A Alemanha criou o programa Excellence Strategy, concebido para financiar as melhores universidades, mas beneficiando desproporcionalmente as disciplinas STEM, oferecendo pouco apoio às humanidades; o Reino Unido tem assistido a cortes significativos no financiamento às humanidades, particularmente após a reestruturação do financiamento do ensino superior na década de 2010, dando prioridade à investigação aplicada nas ciências exactas e reduzindo significativamente recursos para os departamentos de humanidades, como em 2021 quando o Governo britânico propôs uma redução de 50% no financiamento para cursos de artes e humanidades no ensino superior; em França, a Agence Nationale de la Recherche (ANR) tem sido criticada por favorecer projectos STEM e ignorar as humanidades; a Dinamarca introduziu reformas que ligam o financiamento das universidades às taxas de emprego dos graduados, o que afectou desproporcionalmente as humanidades, pois os diplomados destas áreas, em regra, demoram mais tempo a encontrar emprego ou trabalham em funções menos quantificáveis; a Academia Húngara de Ciências reduziu drasticamente o financiamento para investigação em humanidades em favor das áreas STEM. E por aí fora.

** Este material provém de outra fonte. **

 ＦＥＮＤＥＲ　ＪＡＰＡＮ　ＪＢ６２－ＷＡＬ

Podíamos acrescentar as opções do programa Horizon Europe, que financia projectos competitivos no espaço europeu, cujos resultados são invariavelmente em favor de projectos de larga escala com impacto societal imediato, marginalizando projectos focados exclusivamente nas humanidades. Consultem-se os resultados do Pilar II: Desafios Globais e Competitividade Industrial Europeia e perceberão como a prioridade é proteger as áreas STEM e a investigação aplicada, deixando poucas oportunidades para projectos focados nas humanidades. Os programas europeus de financiamento que ainda se focam nas humanidades são cada vez menos inclusivos nos orçamentos globais. Tais programas, como por exemplo o cluster Cultura, Criatividade e Sociedade Inclusiva (que pertence ao Pilar II), acabam por convergir em apoios em áreas muito específicas e com mais impacto comunicacional, como os estudos sobre migrações, memória histórica e o impacto da transformação digital nas democracias europeias. Outros programas mais focados nas humanidades, como o Humanities in the European Research Area (HERA) e o DARIAH (Digital Research Infrastructure for the Arts and Humanities) dificilmente podem competir com as grandes áreas STEM em termos orçamentais.

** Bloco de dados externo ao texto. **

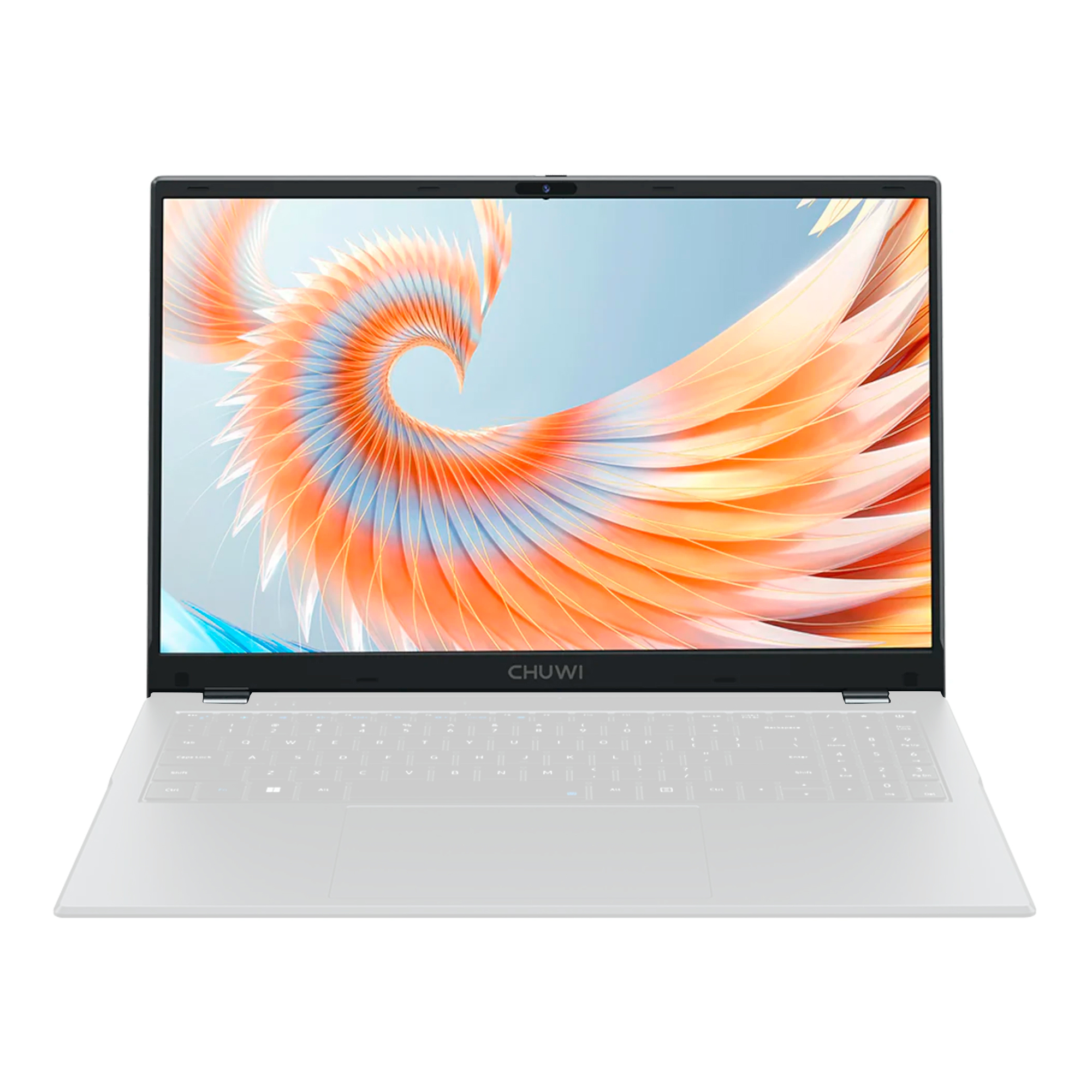 Pantalla de Repuesto Para Notebook Chuwi Herobook Plus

Num momento em que se aproxima a conclusão do processo de avaliação das unidades de I&D organizada pela Fundação para a Ciência e a Tecnologia (FCT), e quando sabemos já que mantém o mesmo orçamento de 105 milhões de euros por ano do ciclo de avaliação anterior – o que diz bem dos desígnios pouco ambiciosos do país que numa década não investe nem mais um euro na ciência que aqui se faz –, correm mais do que rumores de que as humanidades também vão ser canceladas em Portugal, porque é necessário reforçar as áreas STEM. Se tal se confirmar, será uma machadada na nossa construção cultural enquanto país que se quer desenvolvido

A marginalização das humanidades comprometerá sempre as oportunidades de trabalho interdisciplinar, que é essencial para enfrentar desafios sociais complexos. Não é possível compreender esses desafios sem as humanidades. Não será nunca possível compreender a raiz da maior parte dos problemas que tanto preocupam os políticos sem uma forte formação humanista. E nem sequer é possível compreender a importância de todas as ciências sem o pensamento humanista que as fundou.

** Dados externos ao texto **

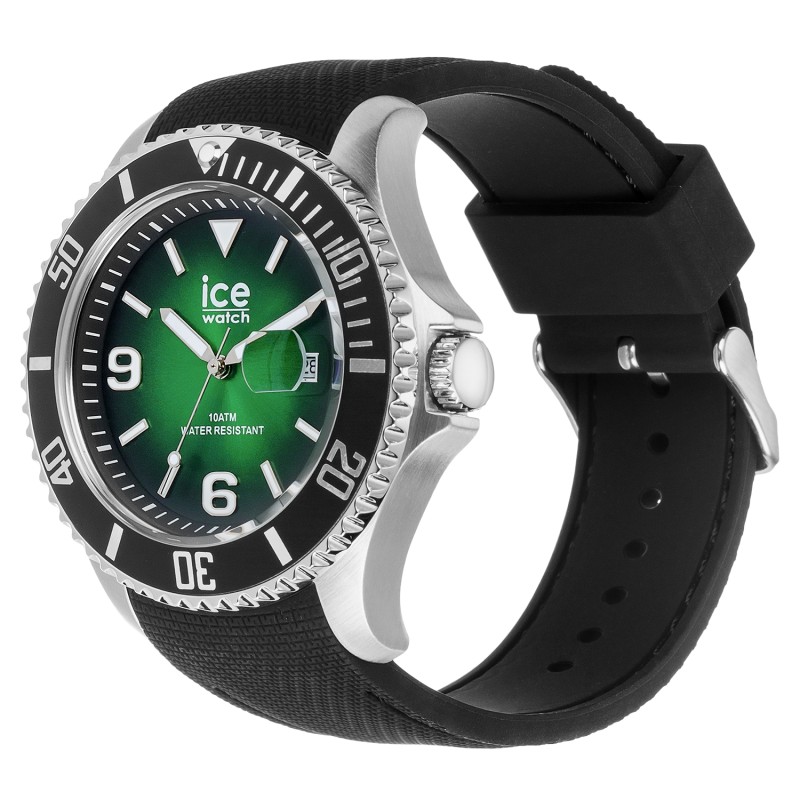 MAN WATCH ICE  020343 (44MM)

Se querem mais pensamento crítico nas ciências, devem apostar numa maior consciência cultural e numa melhor capacidade para compreender aquilo que conseguimos fazer enquanto pensadores. Esta é base de todas as ciências e as humanidades permitem que essa base comece a ser construída. Se as cancelarmos, se as asfixiarmos nas suas oportunidades de financiamento para que também possam produzir conhecimento novo, são todas as ciências que perdem e jamais poderemos ser o país desenvolvido que ambicionamos ser.